INFORMATION GIVEN:
%%
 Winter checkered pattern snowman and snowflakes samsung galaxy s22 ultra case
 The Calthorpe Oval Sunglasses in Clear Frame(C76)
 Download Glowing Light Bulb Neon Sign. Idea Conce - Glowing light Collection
%%
%%
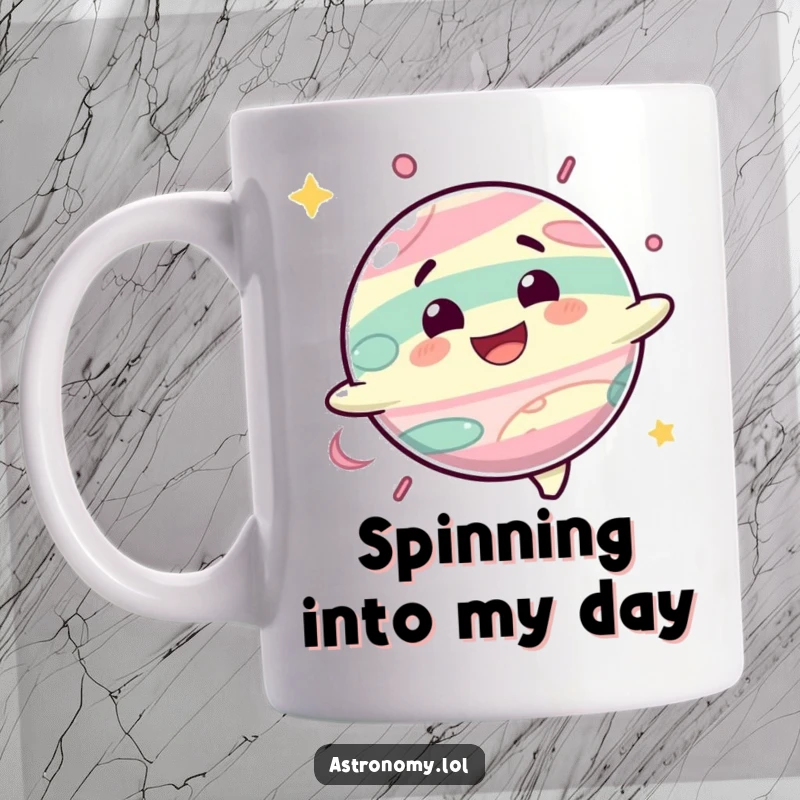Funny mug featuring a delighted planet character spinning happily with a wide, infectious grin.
%%
EXERCISE DIRECTIONS: The listing above holds a line with "The Calthorpe Oval" and a line with "Download Glowing Light". Print the stretch from the first through the second, exactly and alone.

SOLVED PROBLEM:
 The Calthorpe Oval Sunglasses in Clear Frame(C76)
 Download Glowing Light Bulb Neon Sign. Idea Conce - Glowing light Collection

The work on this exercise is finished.